After COVID-19: A Brave New World After COVID-19: A Brave New World

After COVID-19: A Brave New World

We closed our St Peters shop just over two weeks ago in response to COVID-19 and we're happy to report that our wolf pack is safe, virus free and working diligently to produce your online orders without delay.

The world has fundamentally changed since then as governments scramble madly to avert the economic disaster barrelling down the slipstream of the health crisis – and though we’re not yet out of the woods, we do know the virus will pass.

For our collective mental health we feel it's important to begin thinking about what the world looks like after lockdown and what changes are likely to survive long after the virus is contained.

Source Visual Capitalist



Revenue is definitely down but so far we’ve been one of the lucky ones here at Citizen Wolf.

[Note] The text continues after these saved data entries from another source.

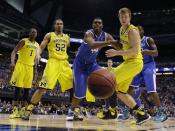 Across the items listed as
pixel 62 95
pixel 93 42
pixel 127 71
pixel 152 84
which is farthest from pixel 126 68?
pixel 62 95

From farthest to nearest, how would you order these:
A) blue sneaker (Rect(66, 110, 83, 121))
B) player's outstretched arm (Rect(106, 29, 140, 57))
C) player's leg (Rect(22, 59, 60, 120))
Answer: blue sneaker (Rect(66, 110, 83, 121)) < player's leg (Rect(22, 59, 60, 120)) < player's outstretched arm (Rect(106, 29, 140, 57))

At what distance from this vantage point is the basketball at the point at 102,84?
4.14 metres

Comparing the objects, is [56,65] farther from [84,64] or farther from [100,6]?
[100,6]

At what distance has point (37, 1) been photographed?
32406 mm

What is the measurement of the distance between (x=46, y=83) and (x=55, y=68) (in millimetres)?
368

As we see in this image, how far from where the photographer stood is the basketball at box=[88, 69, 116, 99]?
4.14 m

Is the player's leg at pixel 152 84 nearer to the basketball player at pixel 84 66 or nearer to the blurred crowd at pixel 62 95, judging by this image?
the basketball player at pixel 84 66

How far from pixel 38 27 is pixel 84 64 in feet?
85.0

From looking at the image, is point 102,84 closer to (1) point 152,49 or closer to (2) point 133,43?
(2) point 133,43

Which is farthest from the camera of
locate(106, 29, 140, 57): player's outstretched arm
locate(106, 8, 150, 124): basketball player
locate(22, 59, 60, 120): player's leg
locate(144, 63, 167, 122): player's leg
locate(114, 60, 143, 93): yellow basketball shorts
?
locate(144, 63, 167, 122): player's leg

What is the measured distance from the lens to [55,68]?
600 cm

Twin decisions made at the end of last year have placed us in the best possible position to ride out the crisis – namely closing the Haymarket shop and investing heavily in our website and Magic Fit® technology precisely so you didn’t need to come into store to buy custom-fit Tees with confidence.

We're also on a waiting list of local manufacturers wanting to help the NSW government by pivoting our production into Personal Protective Equipment (PPE) to help with estimated shortages. Sadly progress seems glacial considering the scale of the crisis but we're ready, willing and very much wanting to help.

Whilst the various stimulus packages here in Australia are very welcome and will help many businesses stay afloat (including our own), there’s no denying the next few months are going to be extremely tough.

Many of our favourite cafes, pubs, restaurants and brands will sadly not survive, and after we finally do manage to flatten the curve we’re going to emerge into a permanently changed reality.

It’s up to us to decide what this Brave New World is going to look like.



“Only a crisis - actual or perceived - produces real change. When that crisis occurs, the actions that are taken depend on the ideas that are lying around... [when] the politically impossible becomes the politically inevitable.” - Milton Friedman

Although it seems the entire world right now is magically flush with cash / having a 30-day free trial of socialism, the stimulus taps will turn off and it’s in the ensuing void that we’ll see what ideas have been ‘lying around’ Canberra.

If there’s one lesson to draw from the last 40 years of neoliberal economic doctrine it’s that good crises are never wasted by those in power with a right-wing tilt and flexible ethics.

There’s every chance we emerge into a world defined by increasing inequality, increasing environmental destruction and a further dismantling of the welfare state that has defined liberal democracies since the Great Depression.

If you’ve got 8 minutes, this video by Naomi Klein outlines it neatly:

But it doesn’t have to be this way.

There are plenty of other ideas ‘lying around’ like a Green New Deal or Doughnut Economics that can fundamentally change our world for the better.

And it’s our sincere hope that we use this opportunity to create that world for ourselves, our children and more importantly for those that have been left behind in the dust-bowl towns along the capitalism highway.



Regardless of which ideas that have been ‘lying around’ get picked up by ScoMo, what’s unequivocal is that people are going to be far more conscious about what they buy and why post-COVID.

Behaviour change is usually exceedingly difficult and notoriously slow. The exception to that rule would seem to be during crises when seemingly inconceivable change happens all of a sudden and with very little inertia. 

Thinking about buying only as much toilet paper as you actually need right now so that there’s some left on the shelf for the next person might seem trifling, but the cognitive framework of considering others before you buy is now ingrained and unlikely to subside quickly.

In the context of fashion, we believe there will be a shift towards considering more than price and ego when buying clothes – ethical, environmental and also geographic issues are going to play a bigger role in purchase decisions.

Lucky for us that’s exactly what we’ve been selling since Day 1 at Citizen Wolf – that a better way of making clothes is possible: ethically certified, 48% less carbon emissions per garment and made locally in Sydney using Aussie-made fabrics that keep jobs in this country.

We call it ‘smarter casual’. Harris Farm Markets (who we love) have the same ethos and call it ‘value with values’. Semantics aside the message is the same – we all have enormous power by voting with our wallets to create the world we want – and now more than ever that impact is likely to be amplified as conscious consumption moves into the mainstream. 

Horrible as COVID-19 will be, let’s make damned sure we come out the other side creating a better world rather than simply remaking the fundamentally broken version we blindly accepted up until just a few weeks ago.